Forex Blog

October 11, 2011

Forex Market Outlook 10/11/11

Filed under: Forex News — Tags: , , , , , , , , , — admin @ 7:26 am

This morning all eyes are on the tiny nation of Slovakia who is wielding enormous power in that they are voting on whether or not to ratify the expansion of the EFSF in the Euro zone as part of the July 21st agreement.  There must be unanimous agreement among all 17 Euro nations or the process could be derailed.  While the market is expecting this vote to pass, there is some trepidation until it is a done deal.

So the markets have started the morning in mild risk-aversion mode after yesterday’s tremendous move higher in stocks and commodities.  The S&P 500 had its largest daily gain in nearly 2 months on a light-volume session due to the Columbus Day holiday here in the US with the bond market closed.

Today kicks off the start of earnings season here in the US for corporations so the markets will be keeping an eye on how corporations are doing and what their outlook is for the immediate future.   This is important for the forex market because the correlation of stocks and their role in the “risk trade” to currencies could be the driver of global markets in the near-term.

The Euro debt crisis is still looming in the background but the announcement that a complete resolution will be forthcoming in early November has put fears on hold for at least the next couple of weeks.

Economic data due out this week will contribute to the overall market picture but there is no single piece of market-moving news that will reverse risk themes.  That’s not to say we won’t see volatility in individual currencies, but rather that this week will be dominated by equities and corporate earnings and the Euro debt saga.

Early this morning, the UK reported lower than expected, industrial and manufacturing production figures, though the misses were slight by about .1%.  While we know that the economy is contracting, but it is hanging in there pretty well at this point considering the government austerity.  There is also a note out that the BOE may be abandoning a part of the additional QE it announced last week due to the high prices of bonds they want to purchase.  UK employment figures are due out tomorrow.

In Japan, the BOJ economic report showed that they see signs of the economy improving and consumer confidence figures came in better than expected.  The minutes from their most recent rate policy meeting will be released tomorrow and it could show their concern about Yen strength and their willingness to act (intervene) to weaken it.

Speaking of meeting minutes, the Fed minutes from last week’s FOMC meeting will also be out today and may show Bernanke’s willingness to ease monetary policy further if economic conditions worsen.  This could give stocks an additional boost ahead of the earnings releases which have already seen the bar lowered by analyst and the market alike.  This means that it will be easier to meet and/or exceed expectations, which could strengthen the risk tradeThere are many in the market who are expecting a major move in equities to the upside to close out the year which could be indicative of the resolution of the Euro debt crisis and the potential end to political gridlock in Washington DC.
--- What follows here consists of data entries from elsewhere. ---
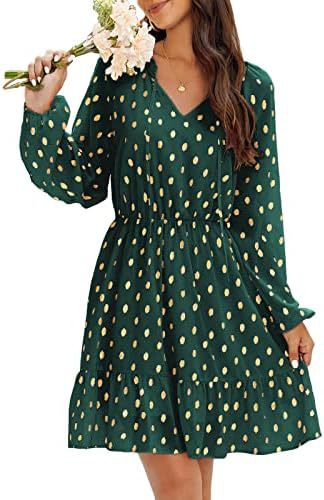 Sommarklänning Dam V-ringad i Lätt Bomull med Elastiskt Midjeband – Perfekt för Strand och Fest 3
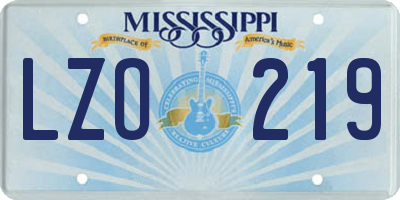 MS license plate LZO219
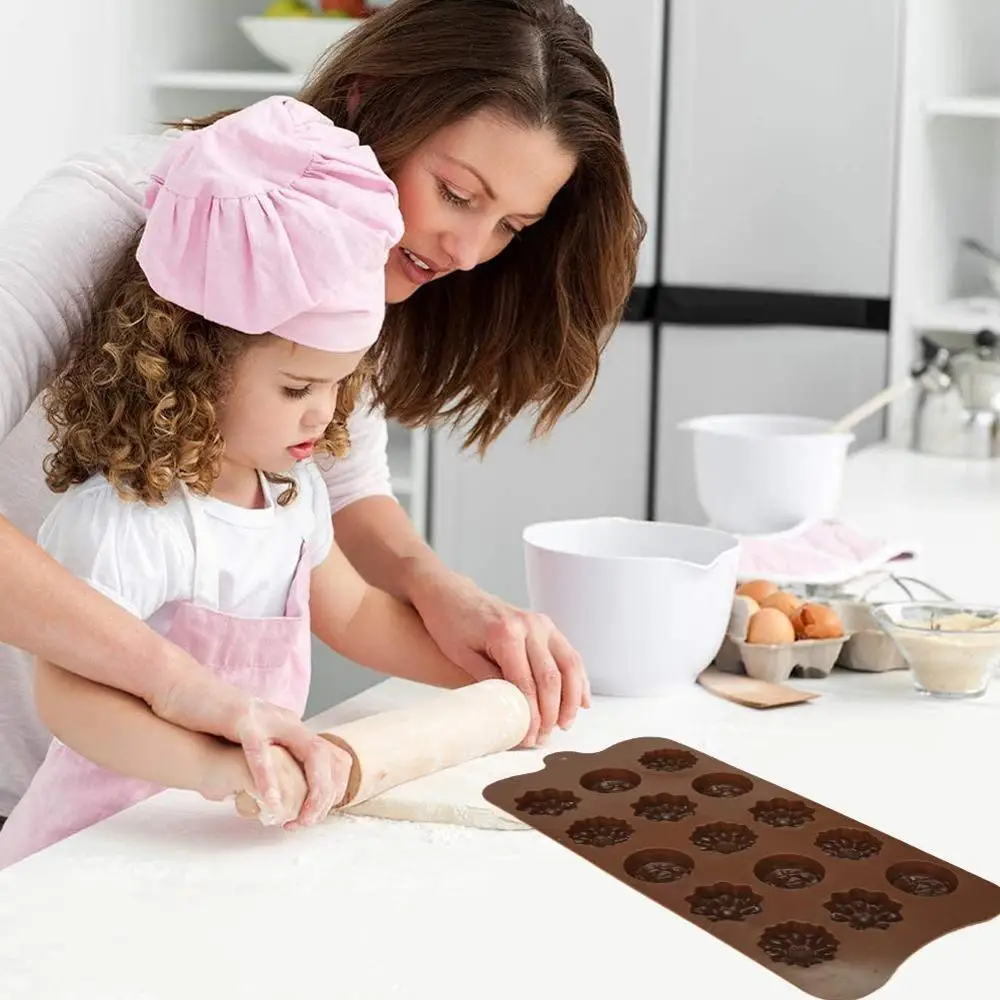 15 полость силиконовая форма для выпечки в Декор пресс форм с цветочным принтом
Sadly, Washington DC may remain broken until the next elections in 2012 and tonight’s vote on the President’s jobs bill will likely result in non-passage as most see it as doubling-down on bad policy and throwing good money after bad.  While these short-term solutions may feel good in the immediate term, the long-term effects are lacking.

And this is part of the overall problem that the administration doesn’t understand—that people and businesses are not going to make long-term decisions on short-term placebos intended to get them re-elected!  You can only use other people’s money to buy votes for so long so when the money runs out, the game is over.  Unless you create a new game—such as class warfare—that we are seeing today in these Wall St. occupation protests.
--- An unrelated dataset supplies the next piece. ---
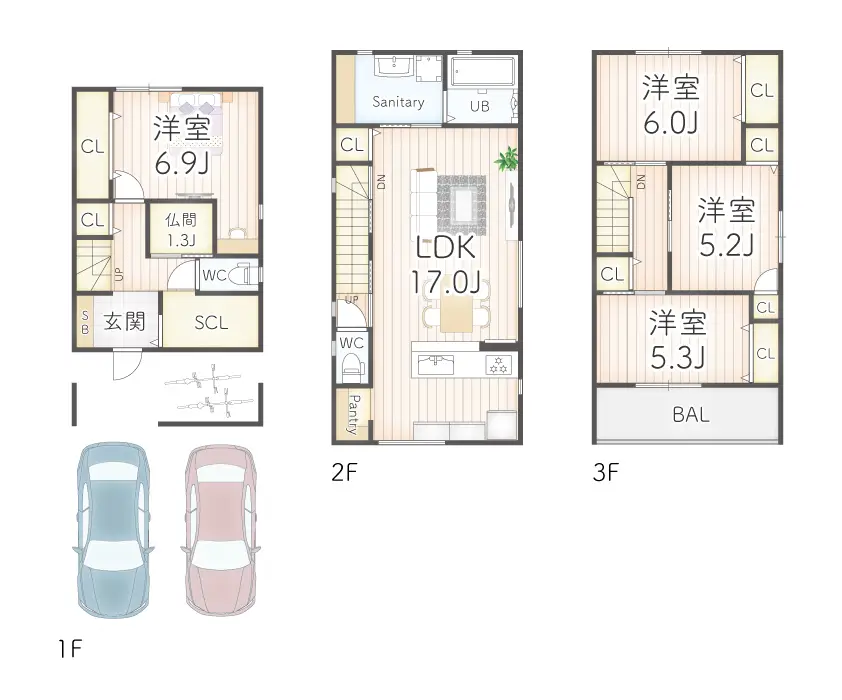 7ARC（セブンアーク）の施工実績｜大阪府守口市に建てた注文住宅のフロアープラン図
While I believe the despair and anger in this country is warranted in many respects, it is misdirected.  While the banks haven’t done anyone any favors, Washington DC is the far bigger culprit and the people should take an introspective look as they are the ones who voted this mess into office.
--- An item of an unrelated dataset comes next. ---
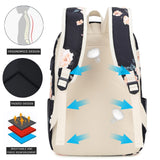 FADOVYE Laptop Backpack for Girls Women, School Backpack with Lunch Bag and Pencil Bag, College Bookbag Travel Daypack with USB Charging Port and Headphone Interface, Floral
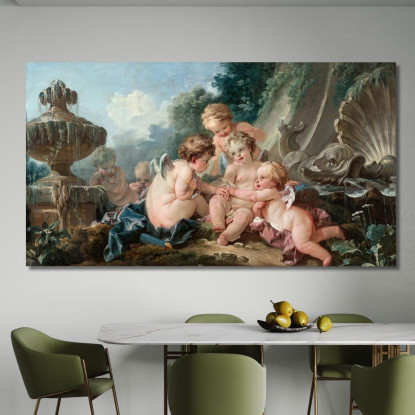 Cupidi In Cospirazione François Boucher fbc23 quadro stampato su tela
Regardless, markets will go up and markets will go down, so continue to trade and rise above the malaise!

May 19, 2011

Japanese Recession!

Last night, Japan reported GDP figures that came in worse than expected, showing a quarterly decline of .9% vs. an expectation of a .5% decline, pushing the YoY figure to a negative 3.7% vs. the expectation of a negative 1.9%. By definition, this puts Japan in recession as the effects of the natural disaster there added insult to injury.

However, the rebuilding that will take place as a result of the disaster may help add to GDP in the coming quarters and Japan has become accustomed to tepid economic growth over the last 20 years so the market reaction has been muted so far.

Speaking of GDP, I mentioned yesterday that the BOE minutes showed that the Central bank didn’t want to raise rates with declining GDP figures, but if those declines are the result of the lack of government spending (one of 4 GDP components) then that should be seen as a good thing and should have little affect on monetary policy.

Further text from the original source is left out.